Berkshire eases rules on buying back its stock
Warren Buffett can now put a dent in Berkshire Hathaway’s huge stockpile of cash.
On Tuesday, his company eliminated a restriction that capped its ability to buy back its own stock, allowing the legendary 87-year-old billionaire investor to deploy more of the conglomerate’s $108 billion of cash and equivalents.
Under the new policy, stock buybacks can be made any time that Buf- fett and Berkshire Vice Chairman Charlie Munger believe that the repurchase price is “below Berkshire’s intrinsic value, conservatively determined.”
Berkshire’s Class A shares closed at $288,500 Tuesday – roughly 1.37 times their $211,184 book value per share as of March 31.
Berkshire’s previous program provided that the price paid for repurchases would not exceed 1.2 times book value of the shares, or a 20 percent premium.
The company said it will not “initiate any share repurchases under the amended program” until it publicly releases its second-quarter results, which are scheduled after the market closes on Aug. 3.
Buffett foreshadowed such a move in May at Berkshire’s annual shareholder meeting in Omaha, Nebraska, stating “a stock buyback is more likely” than the company paying a special dividend to its investors.
The new, looser buyback parameters are a sign that Berkshire’s acquisition strategy isn’t bearing fruit, said Cathy Seifert, an analyst at CFRA, a Wall Street research firm.
“While we share the market’s enthusiasm for this change,” Seifert wrote, “we note this shift in capital allocation also reflects an acquisition strategy that has not yielded the results Berkshire desired.”
Buffett’s last megadeal was in 2015, when he paid more than $30 billion for Precision Castparts, a maker of aerospace and other parts.
Berkshire Hathaway owns roughly five dozen businesses in industries from railroads and retail to auto insurance and industrial manufacturers.
Buffett’s stable of well-known brands include ice cream retailer Dairy Queen, battery-maker Duracell and auto insurer Geico.
Buffett himself has said that high market prices have kept him from using his cash hoard to acquire big companies that could boost Berkshire’s earnings power and make better use of low-yielding cash.
“Berkshire’s goal is to substantially increase the earnings of its non-insurance group,” Buffett wrote in February in his annual letter to shareholders.

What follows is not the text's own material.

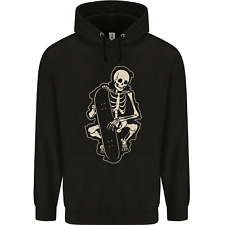 Skater skeleton skateboard for sale  COVENTRY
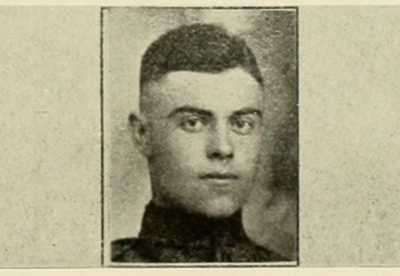LAWRENCE MULKERIN, Westmoreland County, Pennsylvania WWI Veteran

“For that to happen, we will need to make one or more huge acquisitions. Despite our recent drought of acquisitions, Charlie and I believe that from time to time Berkshire will have opportunities to make very large purchases,” he wrote.
Berkshire reported a rare net loss of $1.1 billion in the first three months of this year, but that was largely because of a new rule that requires it to report unrealized gains or losses in stock investments as net income.
This represented Berkshire’s first quarterly loss since 2009.